もはや孔子の名を知らないのは小学生以下のお子ちゃまくらいのものでしょうが、孔子がどんな半生を送ったかについては意外と知らない人が多いのではないでしょうか?
特に、彼がどのような家庭に生まれ、どのような子供時代や青春時代を送ったのかを知る人はほとんどいないでしょう。というわけで今回は、孔子の幼少期から青年期にスポットをあてて彼がなぜ儒教という立派な思想を打ち立てて聖人となれたのか、その秘密に迫っていきたいと思います。
パパとママの年齢差には加藤茶もビックリ!
孔子が春秋時代の魯の国に生まれたことを知る人は少なくないでしょう。しかし、彼のパパとママがどんな人なのかまで知っているという人はなかなかいないと思います。
彼のパパやママについては、司馬遷『史記』などの書物にその記述が散見されます。パパの名前は叔梁紇と言って、魯でも有名な武人だったそう。そして、ママの名前は顔徴在。身分はそれほど高くない巫女だったようです。しかしこの2人、とんでもなく年が離れていたと言われています。孔子が生まれたとき、パパは70歳を超えていたのに対し、ママは16歳もしくは18歳!
パパについては66歳との説もありますが、それにしたって親と子どころか孫と子くらい離れているこの年齢差には加藤茶もビックリしてしまうでしょうね。そしてさらに、この2人、どうやら正式に結婚していなかった模様…。2人に一体何があったのかはわかりませんが、孔子も幼少期はかなり苦労したのではないでしょうか。
葬式ごっこという不気味な遊びを好む
パパと呼ぶには年をとりすぎていた叔梁紇は、やっぱりと言うべきか、孔子が3歳になったときに亡くなってしまいます。その後は女手一つで孔子を育てた若き母・顔徴在。現代も母一人で子を養うのは大変ですが、その当時は更に大変だったことでしょう。
孔子はこの苦労する母の姿を見て育ったため、「孝」という考えを特に大切にしたのかもしれません。そんな彼は巫女である母の影響を色濃く受けたのか、葬式ごっこなる不気味な遊びに興じていたのだそう…。実は、後に「亜聖」と称される孔子の弟子・孟子は墓地の近くに住んだ際に葬式ごっこをしていたのを母に目撃され、「墓の近くに住んでいるから我が子が…!」とビビった母によって引っ越しさせられています。
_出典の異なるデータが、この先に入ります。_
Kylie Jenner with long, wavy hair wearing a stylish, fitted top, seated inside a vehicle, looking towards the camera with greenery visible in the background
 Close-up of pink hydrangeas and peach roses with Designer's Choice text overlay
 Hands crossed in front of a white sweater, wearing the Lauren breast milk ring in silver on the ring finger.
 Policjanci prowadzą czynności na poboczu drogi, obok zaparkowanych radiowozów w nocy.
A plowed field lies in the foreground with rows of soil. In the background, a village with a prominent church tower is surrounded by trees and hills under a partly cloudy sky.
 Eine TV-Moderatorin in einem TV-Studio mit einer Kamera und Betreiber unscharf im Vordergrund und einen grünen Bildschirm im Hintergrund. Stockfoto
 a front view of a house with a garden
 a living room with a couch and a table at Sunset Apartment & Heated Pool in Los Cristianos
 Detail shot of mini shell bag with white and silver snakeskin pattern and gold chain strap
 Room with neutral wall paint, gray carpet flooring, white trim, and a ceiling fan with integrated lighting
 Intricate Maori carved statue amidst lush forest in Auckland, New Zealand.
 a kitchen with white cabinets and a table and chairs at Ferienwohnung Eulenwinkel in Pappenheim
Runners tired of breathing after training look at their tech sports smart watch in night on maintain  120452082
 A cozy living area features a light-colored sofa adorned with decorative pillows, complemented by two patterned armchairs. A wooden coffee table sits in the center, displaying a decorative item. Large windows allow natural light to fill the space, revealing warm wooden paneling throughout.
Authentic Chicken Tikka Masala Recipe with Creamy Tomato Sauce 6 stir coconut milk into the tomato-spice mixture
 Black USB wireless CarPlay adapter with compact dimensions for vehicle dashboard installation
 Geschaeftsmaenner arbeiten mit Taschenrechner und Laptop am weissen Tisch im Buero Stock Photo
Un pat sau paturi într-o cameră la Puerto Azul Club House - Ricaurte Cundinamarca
孟子のママは許してくれなかったようですが、巫女である孔子のママ・顔徴在は「私の真似ばかりして…」と微笑ましく思っていたのかもしれません。しかし、そんな孔子のママも孔子が17歳のときに亡くなってしまいます。たったの17歳で天涯孤独となってしまった孔子でしたが、独学で礼を学び続けたと言われています。
立つよりもまず結婚
孔子のパパは70歳前後で孔子という子をもうけましたが、孔子は彼を反面教師にでもしたのか、わずか19歳で結婚して20歳で第一子をもうけています。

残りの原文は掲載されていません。